Ook is de rechtbank van oordeel dat de bedreigingen van dien aard zijn en onder zulke omstandigheden zijn gedaan dat deze, zowel in dit concrete geval als in het algemeen, vrees kunnen opwekken voor misdrijven omschreven in de artikelen 241 en 243 Wetboek van Strafrecht en zware mishandeling. Dit kan naast de aard van de hierboven benoemde bedreigingen worden afgeleid uit het feit dat er bij een van de politieambtenaren veiligheidsmaatregelen zijn getroffen door de politie, waaronder het creëren van een rechtstreekse verbinding tussen de meldkamer van de politie en het huis van [benadeelde 1] en verscherpt toezicht door de surveillancedienst op diens woning. Ook het feit dat de verdachte kennelijk geen enkele terughoudendheid voelt om politieambtenaren te bedreigen en hen zelfs actief benaderd om die bedreigingen te uiten, biedt steun aan het oordeel dat sprake is van redelijke vrees.

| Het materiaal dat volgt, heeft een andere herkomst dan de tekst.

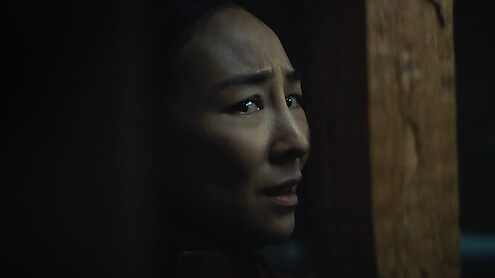 Worried woman in dim lighting, partially hidden behind a wooden beam, looking over her shoulder in a tense, shadowy environment.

De bedreigingen die zijn geuit aan het adres van [benadeelde 3] en [benadeelde 2] hebben hen ook daadwerkelijk bereikt. De opvatting van de verdediging dat de bedreigingen hen in de tenlastegelegde periode moet hebben bereikt, kent geen steun in het recht. Het gaat om het moment waarop de bedreiging is geuit.
Gelet op het voorgaande acht de rechtbank wettig en overtuigend bewezen dat de verdachte [benadeelde 1] , [benadeelde 2] en [benadeelde 3] op 8 juli 2025 heeft bedreigd met zware mishandeling.